## [Problem statement]
Go through the data and copy every line exactly, but not the images.

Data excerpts
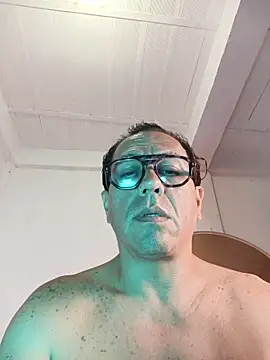 Snapshot of Rocket1978 chatting on October 21, 2025, 12:37 pm Rocket1978 online show from October 21, 2025, 12:37 pm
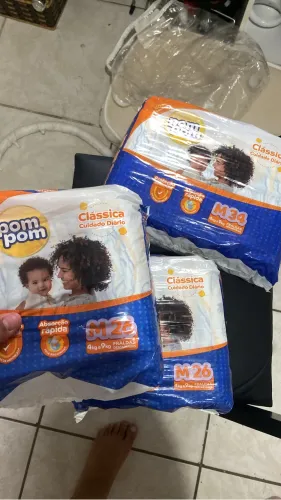 4 Fraldas M PomPom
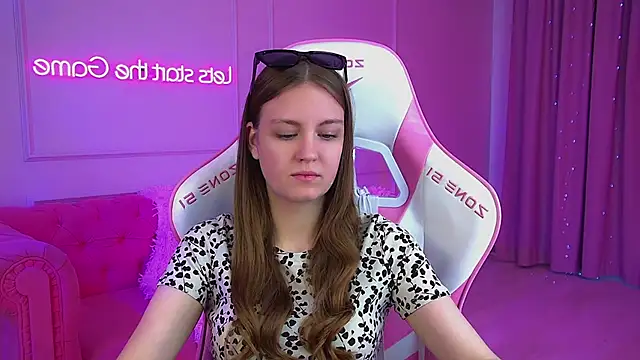 SofiaSarvains online show from May 18, 2026, 6:07 am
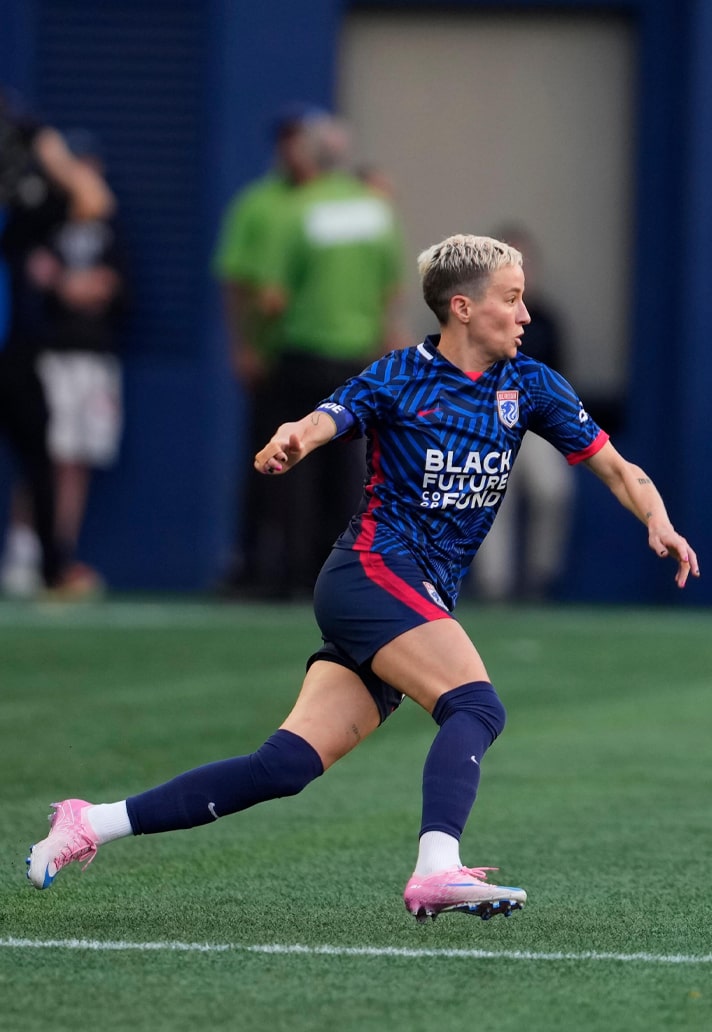 rapinoe 4-min.jpg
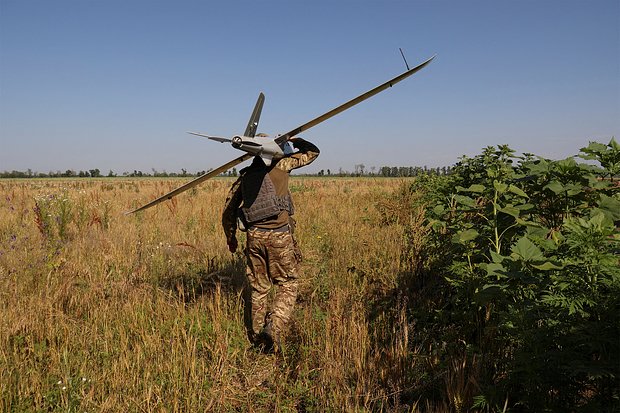 Украинский военнослужащий с беспилотником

## [Solution]
 Snapshot of Rocket1978 chatting on October 21, 2025, 12:37 pm Rocket1978 online show from October 21, 2025, 12:37 pm
 4 Fraldas M PomPom
 SofiaSarvains online show from May 18, 2026, 6:07 am
 rapinoe 4-min.jpg
 Украинский военнослужащий с беспилотником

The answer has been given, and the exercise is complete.